E mais uma vez, ele não disse nada, apenas sorriu. Aproximou-se do brinquedo e aos poucos, começou a se balançar num ritmo parecido com o da garota. Minu pensou consigo mesma que ele tinha um sorriso muito bonito. Ele devia sorrir mais vezes, disse para si mesma. Nunca entendera muito bem o motivo desse seu jeito meio "lobo solitário". Afinal, diferentemente dos outros rapazes, ele era o único que tinha perto dele uma parte de sua família, ainda que fosse uma parte pequena. E mesmo assim, apesar da presença do irmão que quase o idolatrava, Minu podia enxergar em Ikki uma solidão incurável que ele fazia questão de não dividir com ninguém.
- Ele me contou porque você fugiu de lá. - ele disse, despertando-a dos seus devaneios.
E então, mulheres é que são fofoqueiras? – Pensou Minu
- Ele ficou muito preocupado quando te viu saindo. – Tornou Ikki
- Pensando que eu ia me matar...
- Eu acho que ele também estava triste por você - ele continuou, ignorando o sarcasmo dela - Quer dizer, triste por ter te magoado.

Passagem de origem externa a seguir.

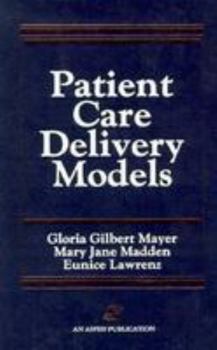 Hardcover Patient Care Delivery Models Book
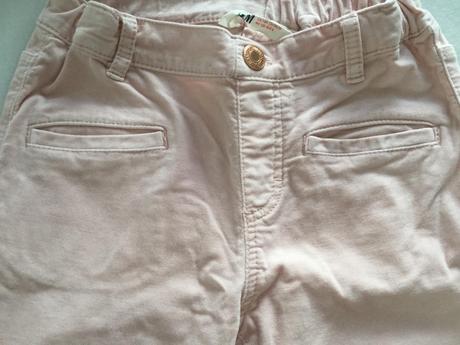 Nohavice, h&m,128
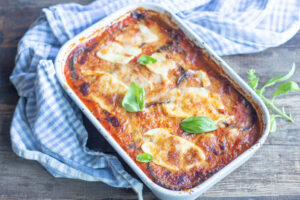 Parmigiana d'aubergines au Thermomix ou gratin d'aubergines au Thermomix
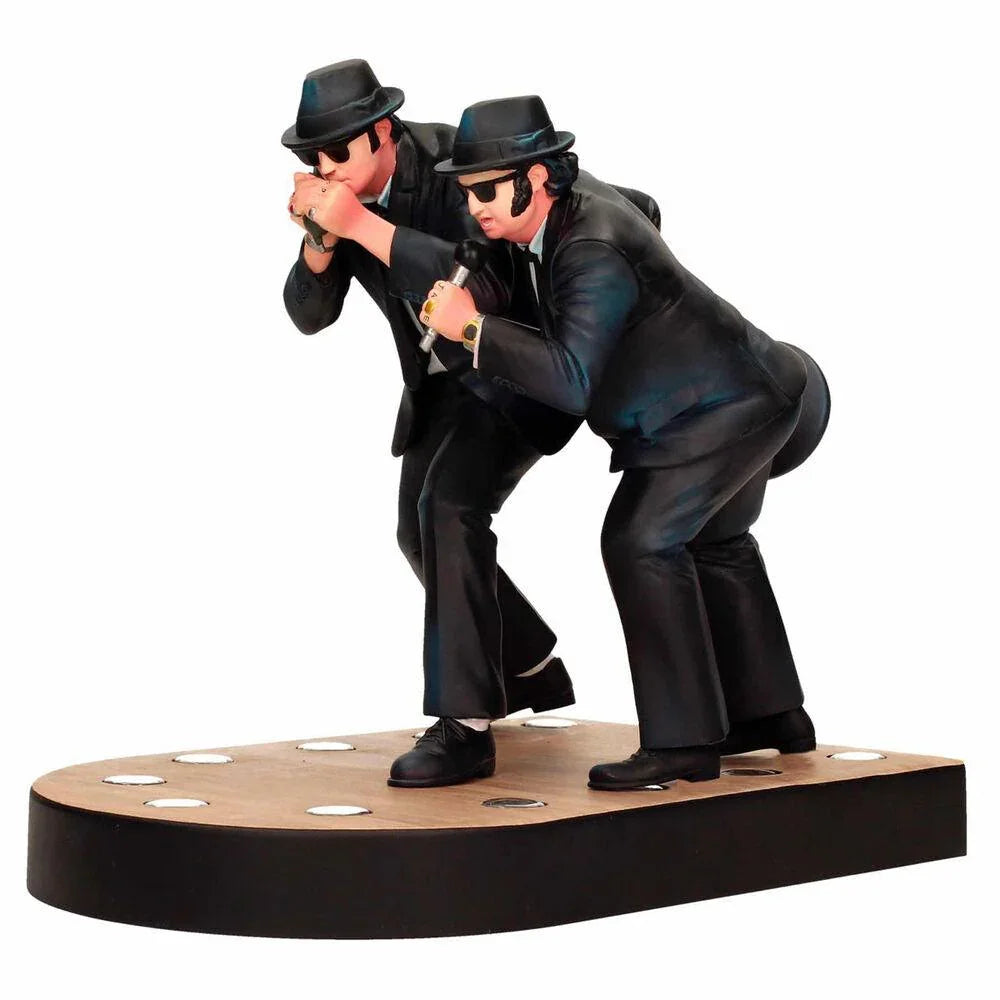 The Blues Brothers Jake and Elwood (Singing) 1/10 Scale Figure Set - Ginga Toys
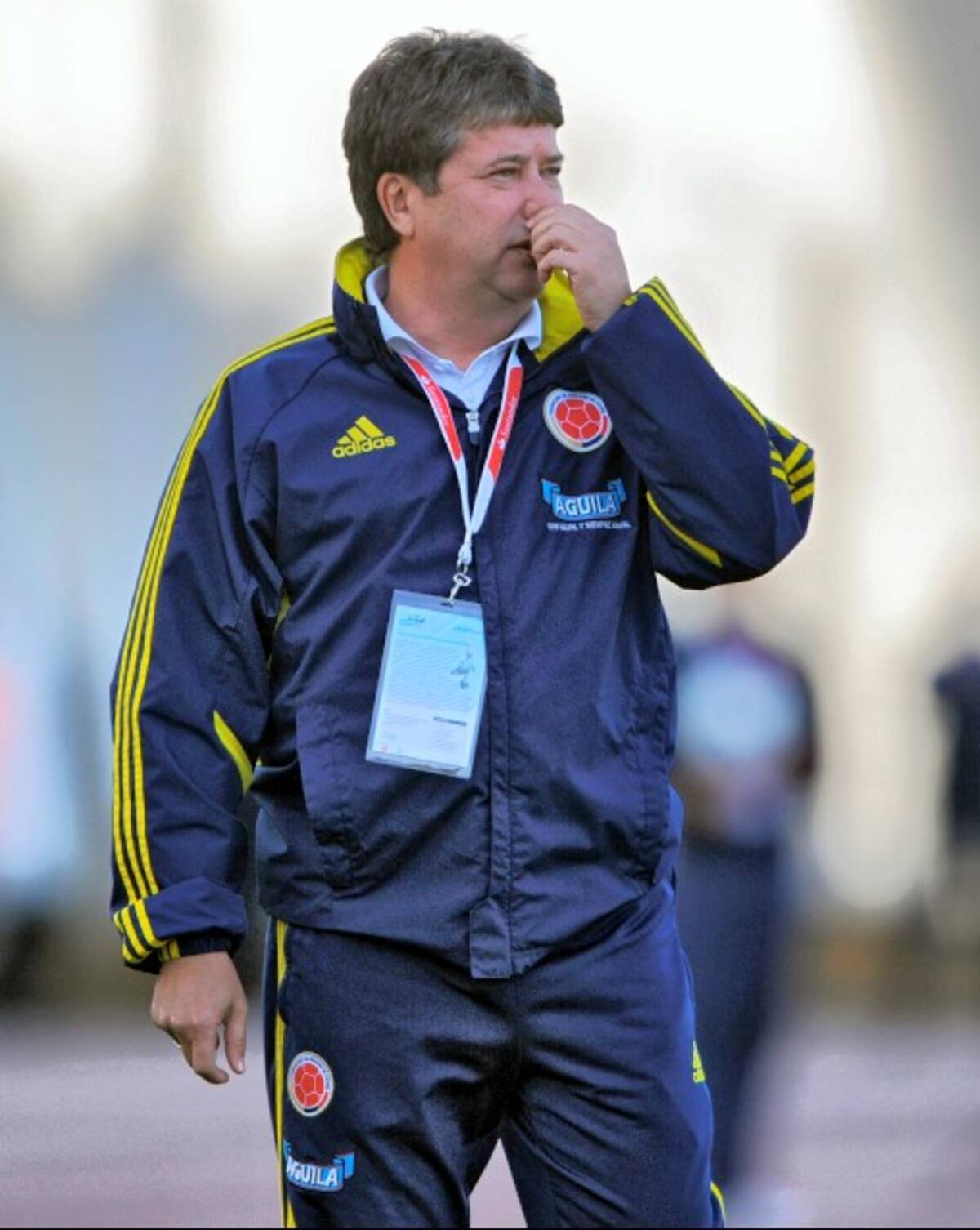 Hernán Darío Gómez AFP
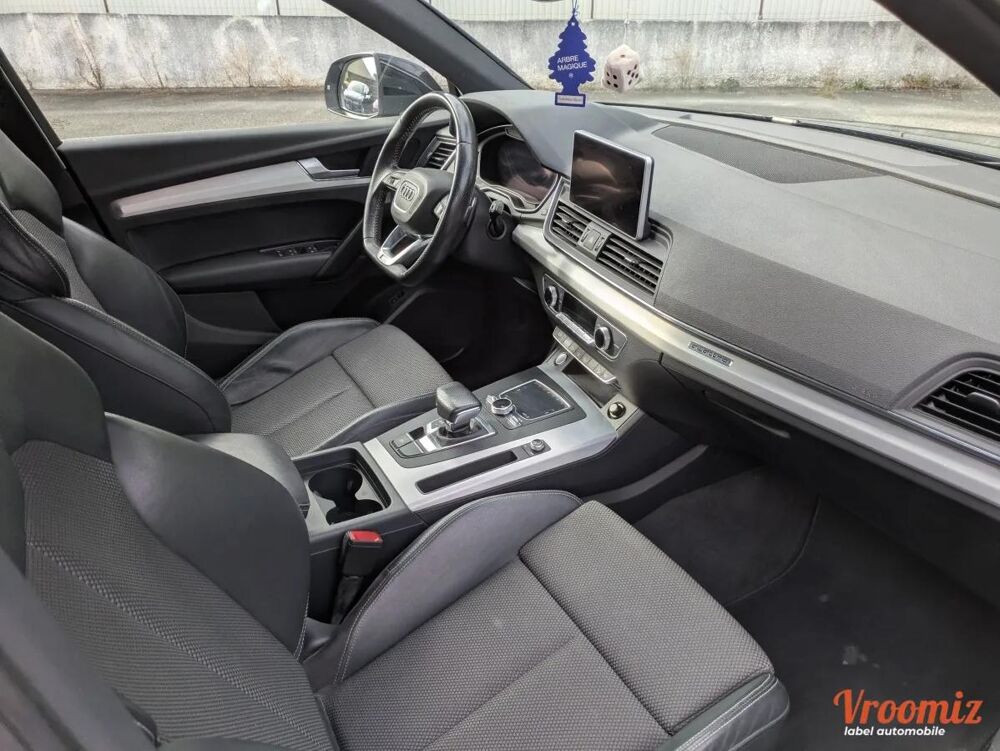 Q5 2.0 TDI 190 S-LINE QUATTRO S-TRONIC BVA 2017 occasion 64110 Maz&egrave;res-Lezons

- Ele não me magoou - Daquela vez, a sua voz saiu em um seco murmúrio, arranhando a sua garganta. Era duro para ela ter que lembrar daquilo, mas inevitavelmente teria que botar um ponto final naquela história - Ele só disse a verdade, e a verdade não magoa... ela só dói um pouco... quando voltar, pode dizer isso a ele, por favor ?
todo mundo veleja sozinho
oh, mas nós podemos viajar lado a lado.
mesmo se você falhar,
você sabe que ninguém realmente se importa.
E foi então que um silêncio sepulcral surgiu entre os dois. Minu começou a se mover com cada vez mais força sobre o balanço, atingindo uma velocidade que fez Ikki ficar um pouco assustado. Nada era dito. Ele apenas a observava subindo e descendo no balanço feito uma criança que acabava de descobrir o brinquedo. Cada vez mais o seu corpo subia mais alto e o vento, aos poucos, ia aumentando também a sua intensidade em seu rosto. Aquilo lhe fazia bem, pensou ela.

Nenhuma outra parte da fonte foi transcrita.